Philippe's suggestion is straightforward to write and (more importantly) to read.

--tim

[Philippe Beaudoin]

Yeah, maybe you're right. The simplest would probably be to finally support a way to define an external module and refer to it using an annotation...

[Tim Peierls]

You mean something like:

@RunWith(JukitoRunner.class)

@JukitoMainModule(MyJukitoModule.class)

public class MySomethingTest {

    // ...

}

and, for backward compatibility, treating the following as equivalent to the above (modulo the use of a nested class):

@RunWith(JukitoRunner.class)

public class MySomethingTest {

    public static class MyJukitoModule extends JukitoModule {

        // ...

    }

    // ...

}

?

That seems reasonable. You could make it more compact by having JukitoModule implement Runner (delegating Runner methods to an internal JukitoRunner):

@RunWith(MyJukitoModule.class)

public class MySomethingTest {

    // ...

}

--tim

[Philippe Beaudoin]

Yes, I definitely want to keep the embedded module class approach, which can sometimes be more compact. I like the syntax of the @RunWith. It's worth seeing how hard it would be to implement... The drawback I can see is that the @JukitoMainModule() approach could let you specify multiple modules in a list {...}.

   Philippe

[Tim Peierls]

On Thu, Sep 15, 2011 at 11:09 AM, Philippe Beaudoin <philippe...@gmail.com> wrote:

Yes, I definitely want to keep the embedded module class approach, which can sometimes be more compact. I like the syntax of the @RunWith. It's worth seeing how hard it would be to implement... The drawback I can see is that the @JukitoMainModule() approach could let you specify multiple modules in a list {...}.

You could provide both options. 

// For a single test module:

@RunWith(MyModule.class)

public class MyTest {

    ....

}

// For a small number of test modules

@RunWith(JukitoRunner.class)

@JukitoModules({MyModule1.class, MyModule2.class})

public class MyTest {

    ....

}

With really long lists of modules, it would probably be simpler and clearer to install them in an embedded module. 

@RunWith(JukitoRunner.class)

public class MyTest {

    public static class Module extends JukitoModule {

        protected void configureTest() {

            install(MyModule1.class);

            install(MyModule2.class);

            install(MyModule3.class);

            install(MyModule4.class);

            ...

        }

    }

    ....

}

The general rule would be to install any Jukito modules (or just TestModules?) from the @RunWith and @JukitoModules annotations, plus any nested JukitoModules.

--tim

[Philippe Beaudoin]

Yes, sounds good: compact, flexible...

   Philippe

[Ambience]

Sorry about the late response :D

While I think being able to annotate dependent modules is a fantastic
idea and a way to reduce boilerplate code when all you are doing is
installing other modules, I would push for inheritance from the parent
test.

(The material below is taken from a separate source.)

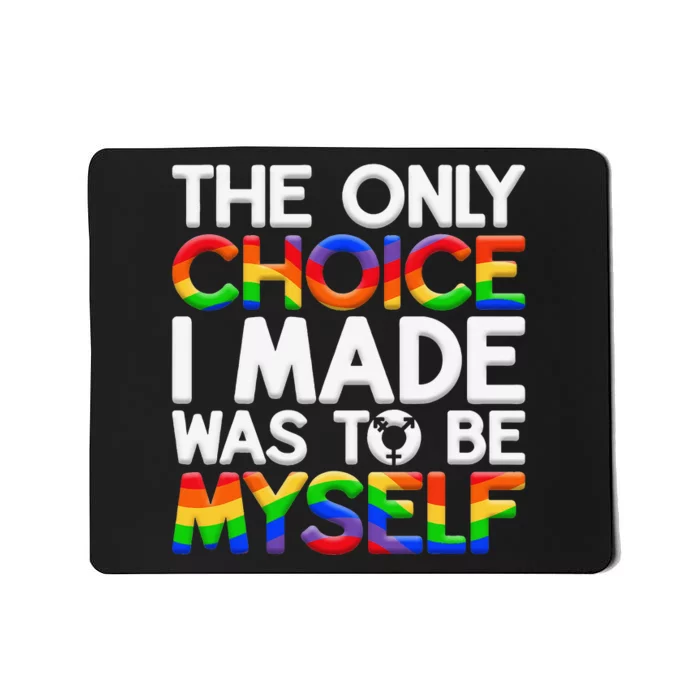 LGBT Pride Equality Pride LGBTQ Non Binary Mousepad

I would argue that it is semantically compatible with JUnit in
that if I register a @Before in my parent class, that gets called on
all child tests and there is no way for me to indicate that it
shouldn't be executed (to your point about excluding a module in some
subclasses). I would also argue that wanting to remove a module is a
"frenge" case and could be solved by simply excluding that module from
the parent or creating a deeper test hierarchy to facilitate the
permutations of modules.

In my specific case, the whole reason for the existence of the parent
test class is to establish a testing environment for tests that
inherit from it. To that point, it simply will not function with out
the installed module working in concert (providing dependencies to)
the test event listeners. Now, if some how I could annotate Jukito
modules with @Before @After and other test events, I wouldn't need a
parent test class at all and could just roll all of this into a single
module. But that seems like it would be an unclean mixing of concerns.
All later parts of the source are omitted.